The Great Somnolescent Table Takeover

You know, some months I don’t write anything on here for weeks on end. Other months, I apparently have too much to talk about in a single day and I’m back to rambling daily on here.

Something that’s been on my mind a lot is mobile support vs old browser support. Nearly all the sites on our network have been at least mobile-friendly, if not mobile-optimized, and that’s come at the expense of supporting older browsers. This is partly my own doing: I tend to build the mobile site first and use a media query to overlay the desktop stylesheet on top; of course browsers without CSS3 support don’t load this second stylesheet, or at least don’t recognize the way I’m trying to load it. (And even if they do load it, I tend to rely on CSS Grid for my layouts (which is still great and I’d still use it if I was building a site as portfolio work or something), and Grid’s so recent that some modern browsers still have issues with it, let alone older ones.) Point is, everything looks broken by default.

And really, what point is there to mobile optimization? It’s nice not having to zoom in, I guess, but browsing on a phone is still utter garbage. It stopped being worth it to Caby, who almost got turned off completely to sitebuilding because of this constant need to optimize things into a tower for ease of idly scrolling through on a tiny phone. She’s since gone back to table layouts. Can’t say I blame her.

My site displaying properly in old Firefox

So–and this is perhaps sacrilege and certainly a 180 to some of what I used to think–I’ve redone my site to be laid out with tables instead of with Grid too, and I’ve dropped any pretense of optimizing for mobile. On phones, pinching in to zoom is practically a way of life anyway, and if you’re trying to read something, nearly all phone browsers have a reader mode built-in, whereas Retrozilla, Classilla, IE6, etc. are all utterly helpless to get anything not-janky out of a Grid layout. (I’ve also stopped forcing HTTPS, though it’s still supported–use HTTPS Everywhere if this bothers you.)

If you’re trying to do a table layout, let me give you two pieces of advice:

  1. white-space: nowrap; for your sidebars, which keeps text in that cell from wrapping. Saves you some headache.
  2. vertical-align: top; for all cells in the table, which starts the content at the top rather than at the middle. Saves you some confusion.
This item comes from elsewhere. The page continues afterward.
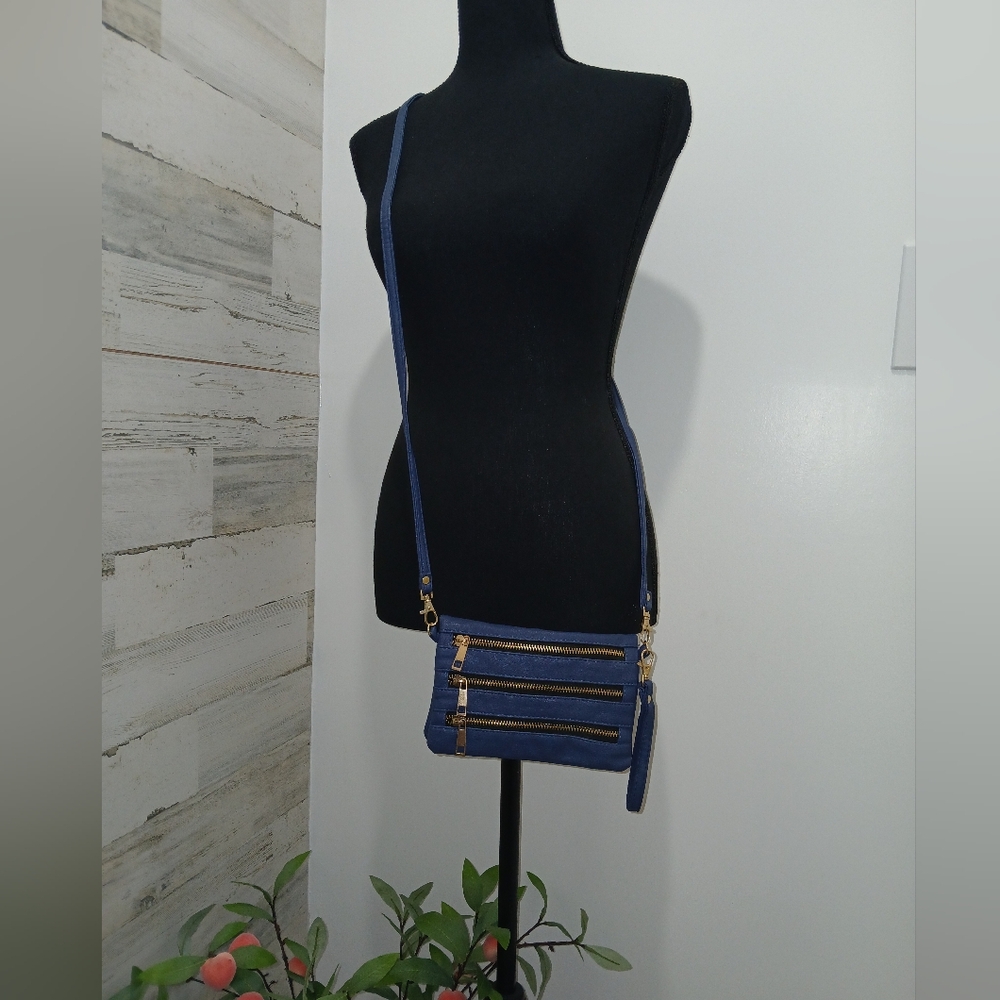 Stylish Blue Crossbody Bag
There’s a couple of other older browser-friendly tweaks in here as well, namely with my fonts. I used to encode fonts in Base64 and embed them into the stylesheet to save on an unnecessary HTTP request (the font was gonna be loaded anyway!), but now, I’m back to using standalone font files, this time in three formats. WOFF2 for modern browsers, EOT for old IE, and TTF for anything else that’ll take a @font-face declaration. If your browser can’t load web fonts at all (like Retrozilla), it won’t try to, and I also have an actual, functioning font stack in there now so you’ll still get something that looks nice.
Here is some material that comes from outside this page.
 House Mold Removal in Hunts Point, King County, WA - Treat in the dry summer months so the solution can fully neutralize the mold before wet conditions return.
My "new" site displaying in Retrozilla
See, even without the custom fonts, I still think it looks really nice.

Honestly, I consider this far more worth it than mobile optimization, especially given anti-obsolescence being one of our ideals as Somnolians. The site now works in Vivaldi, Firefox, both Developer 77 and 10 ESR, Retrozilla, and Internet Explorer 6 (save for the PNG transparency weirdness that I can’t fix). Best part, it still validates as HTML5. Very pleased.

Something similar will be coming to the top-level domain in a few days, though since I used more tricks there, I might need to switch some things around. I’ll also need to debug the scripts I used, they’re not too functional on old browsers for some reason. Probably relying on shit in Javascript that’s too new. Pray for me as I walk through this in Retrozilla’s debugger >_>.